The force of the ball on the floor is not the weight of the ball. However, for a ball that is stationary and supported only by the floor, it will be equal to the weight of the ball.
 
Okay.

So if the ball is stationary, the force of the ball on the floor is equal to the weight of it but isn't that of weight; if I understood what you said. Then, what is the force ?

What if the ball is moving horizontally with a speed, u m/s on the floor ?
 
Jadaav said:
Let's consider a stationary ball lying on the floor.

The weight of the ball acts downwards and the normal reaction acts upwards. They are of the same magnitude but not of the same type.

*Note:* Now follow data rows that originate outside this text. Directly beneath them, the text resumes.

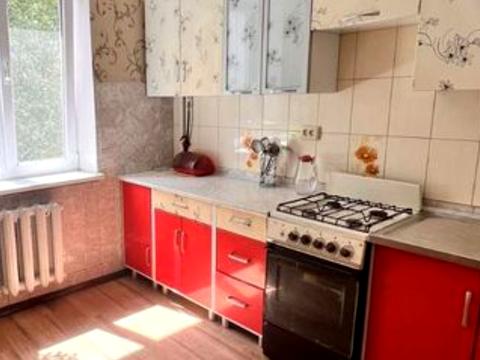 квартира по адресу 297-й квартал ул., 4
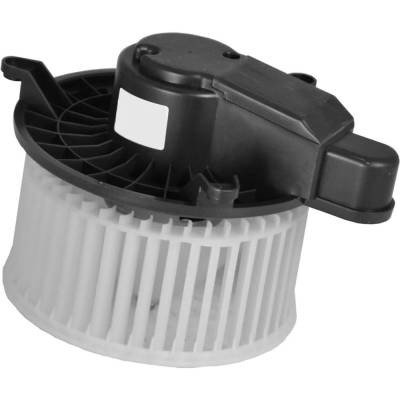 New Blower Motor Compatible With Ford Mazda F-350 Super Duty Xlt 8 Cyl 6.7L F-350 Super Duty Xl 8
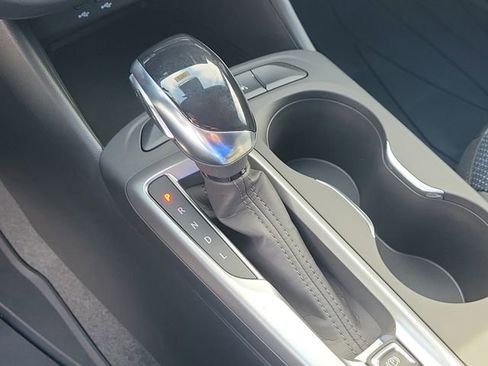 New 2026 Buick Envista Preferred w/ Convenience I Package image 29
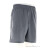 Under Armour Tech Woven Wordmark Mens Fitness Shorts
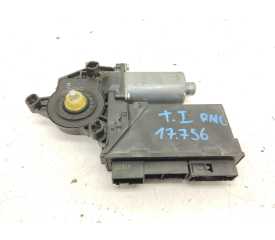 MOTOR ELEVALUNAS TRASERO IZQUIERDO 8E0959801E 9700105998204 5WK49204CBF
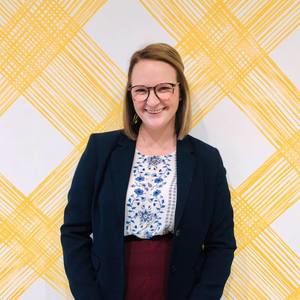 Meet your Posher, Abigail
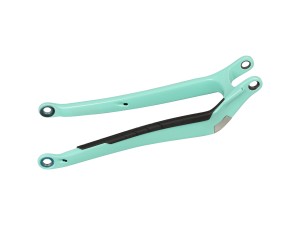 Chainstay Trek Remedy 9.9 Chainstay 2019 Miami Green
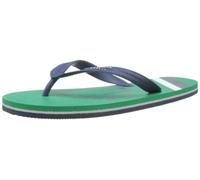 Pepe Jeans Mens Swimming SI-293 A Thong Sandals PMS70004 Foliage 45 EU/10.5 UK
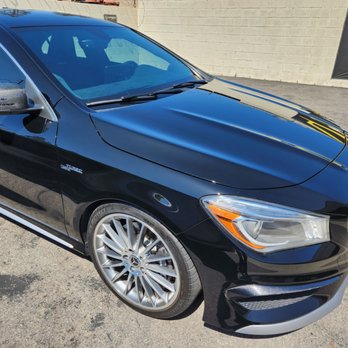 Ultimate Shield - Auto Detailing Near Me - Orange, California Ultimate Shield - Auto Detailing Near Me - Orange, California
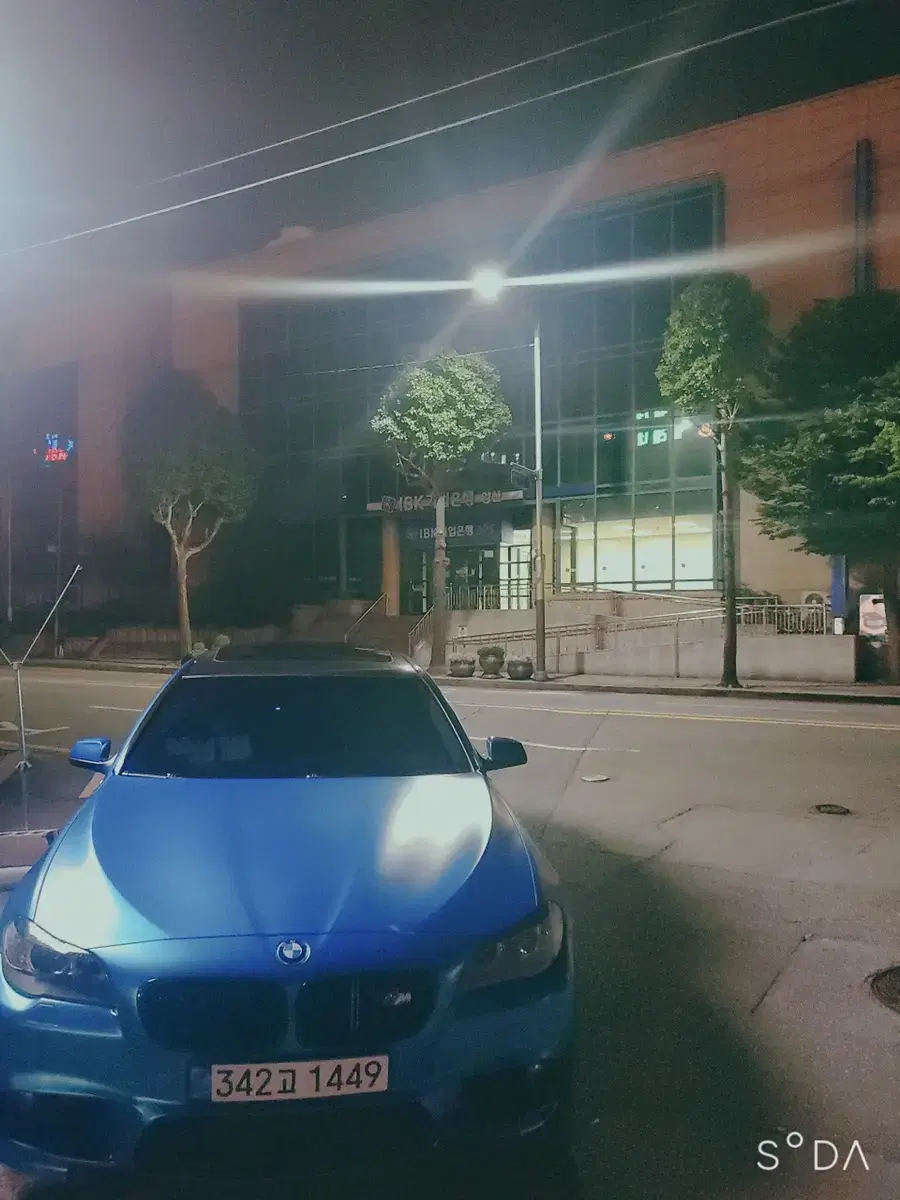 BMW528i M5 드레스업  묻따!! 판매 - 3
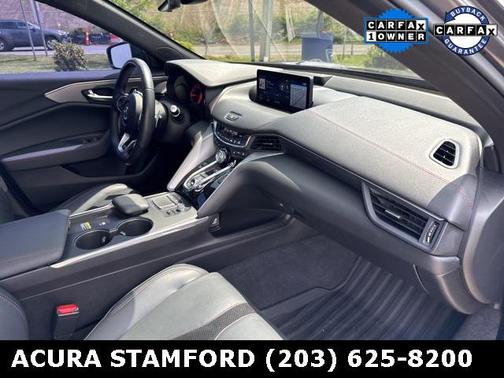 2023 Acura TLX Type S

So normal reaction is the reaction to what, if not weight ?
There are two meanings of the term "reaction" force:

(1) Since the ball does not fall through the floor, we can deduce that the floor must be exerting an upward normal force. This is often called a constraint or a "reaction" force. This term is used in engineering, not in physics! In physics it's usually just called the normal force.

(2) Per Newton's 3rd law, any two objects exert equal and opposite forces on each other. These are often called "action/reaction" pairs. That's something of an old-fashioned term; better to call those force pairs just "3rd law pairs".

Do not mix up the two meanings, or you'll just get confused.

If you're asking what's the 3rd law pair to the upward normal force exerted on the ball by the ground, then that's the downward normal force exerted on the ground by the ball.

The 3rd law pair to the weight (the gravitational pull of the Earth on the ball) is the gravitational pull of the ball on the earth.
 
Jadaav said:
So if the ball is stationary, the force of the ball on the floor is equal to the weight of it but isn't that of weight; if I understood what you said. Then, what is the force ?

What if the ball is moving horizontally with a speed, u m/s on the floor ?
What matters is whether the ball is vertically accelerating or not. Since it's just rolling along the horizontal floor, we know that the floor must be exerting an upward force enough to balance the weight of the ball.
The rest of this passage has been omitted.